The SWP is a Trotskyist party and that means they follow the lead of Leon Trotsky, the Butcher of Kronstadt. The founder of the SWP was the late Tony Cliff. In 1960 Cliff wrote an article, published in the party journal, International Socialism, where he quoted Trotsky’s words from 1924:
I know that one must not be right against the party. One can be right only with the party, and through the party, for history has no other road for being in the right. The English have a saying: “My country – right or wrong.” With far more historical justification we may say: my party – in certain concrete cases – right or wrong … And if the party adopts a decision which one or another of us thinks unjust, he will say: just or unjust it is my party, and I shall support the consequences of the decision to the end.

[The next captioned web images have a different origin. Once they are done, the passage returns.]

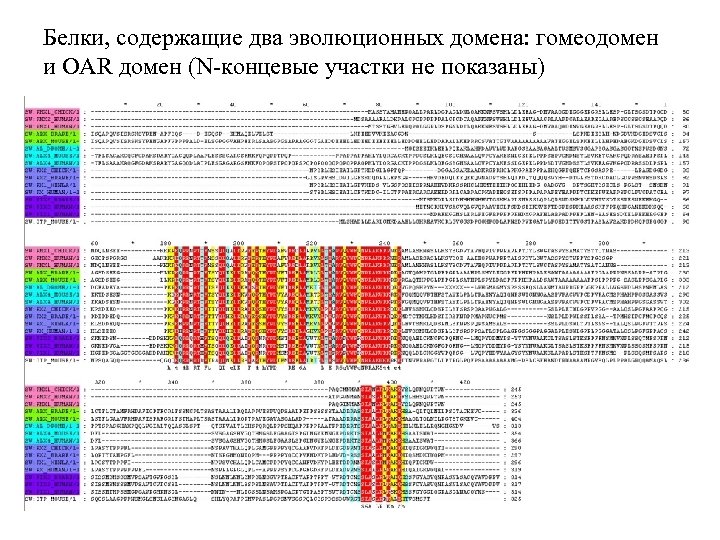Белки, содержащие два эволюционных домена: гомеодомен и OAR домен (N-концевые участки не показаны) 
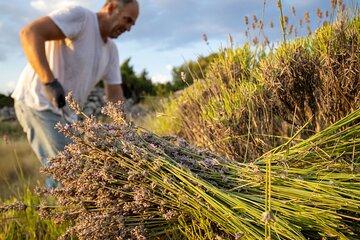 Hvar Lavender Tour - Lavender Fields and Honey Tasting
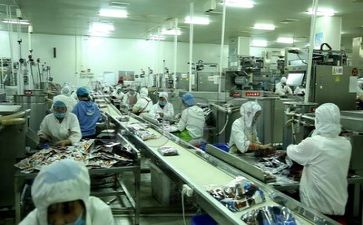 生产调查报告5篇
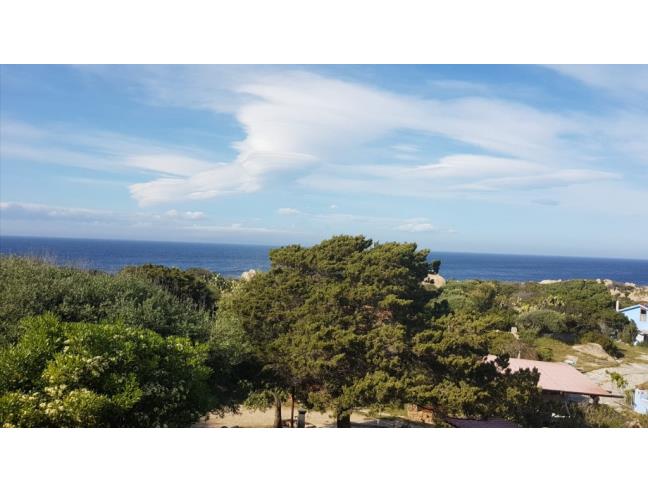 Anteprima foto 8 - Affitto Appartamento Vacanze da Privato a Santa Teresa Gallura (Sassari)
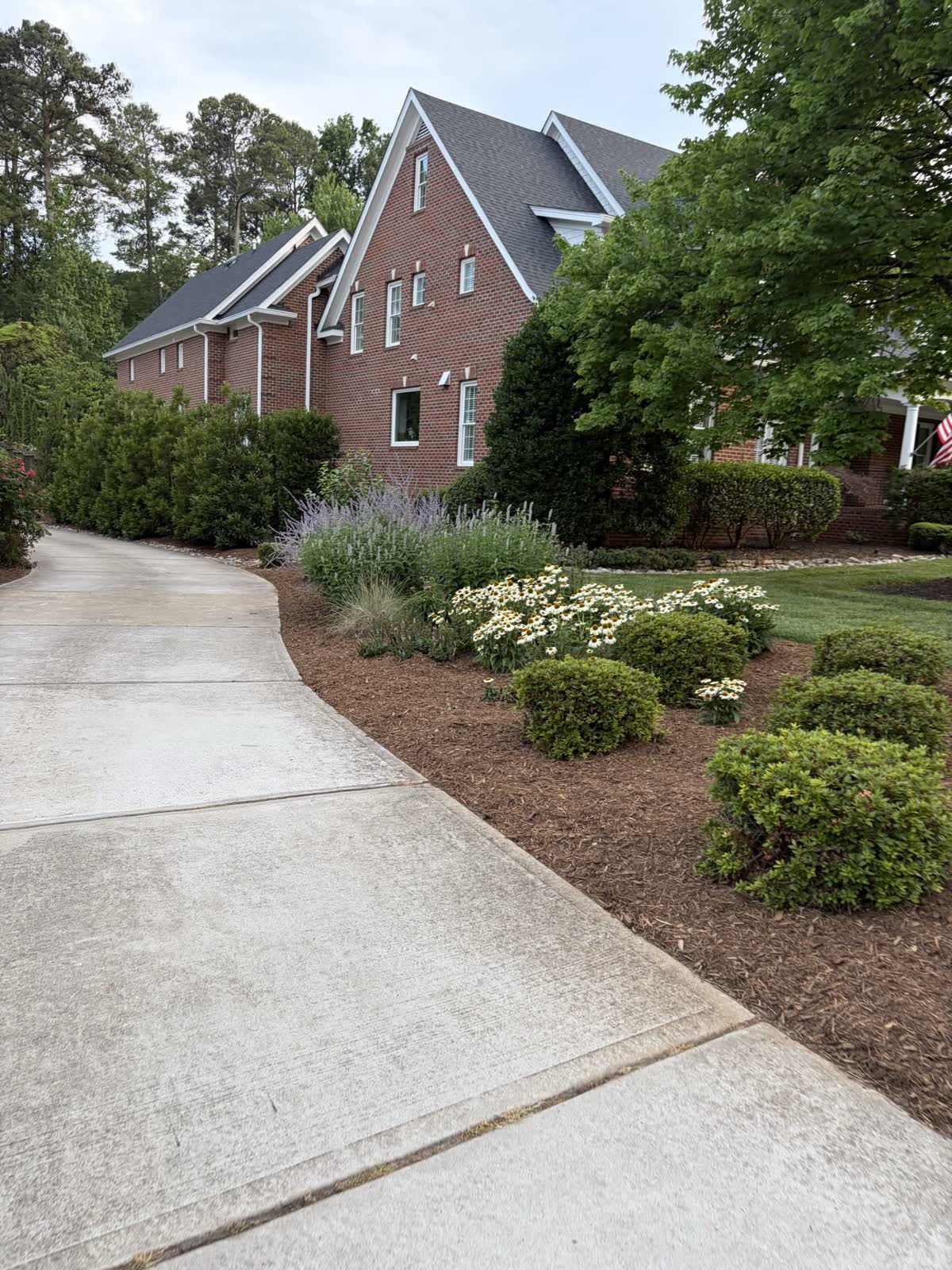 Maintained lawn and landscape around a residential driveway by Envision Landscaping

It is this viewpoint which forms the basis of membership of the party. Members have to support the party. While factions can be formed pre-conference, according to SWP rules, the factions must be dissolved post conference. At that point in time, all party members must follow the party line. In advance of the SWP conference this weekend, there were two separate factions formed. Conference is now over. Darren Redstar commented yesterday below the line to the comments section:
I understand that only a day after conference ended, loyalty oaths are being demanded, and the leadership is seeking to reassert it’s control.
I suspect he is right. What else can they do?
The party and party leaders asserting control has been a feature of all totalitarian regimes. Of all totalitarian leaders, I suspect the way Saddam Hussein did it in 1979, was the most effective. (Watch the section 1:30 though 5:00)
The SWP certainly believe in violence; in fact, they glorify violence. For as Trotsky said in 1922:
Arguments to the effect that all violence, including revolutionary violence, is evil and that Communists therefore ought not to engage in ‘glorification’ of armed struggle and the revolutionary army, amount to a philosophy worthy of Quakers, Dukhobors and the old maids of the Salvation Army…. The means for emancipating the working people is revolutionary violence.
Unfortunately for Charlie Kimber, to the best of my knowledge, the SWP Central Committee does not have access to a cache of guns and cannot employ the efficient method of Saddam Hussein to obtain the loyalty and obedience of party members. This means that some members will no doubt continue to operate as a faction and a split must be likely. In the spirit of what I will call capitalist defeatism, I hope that both sides lose.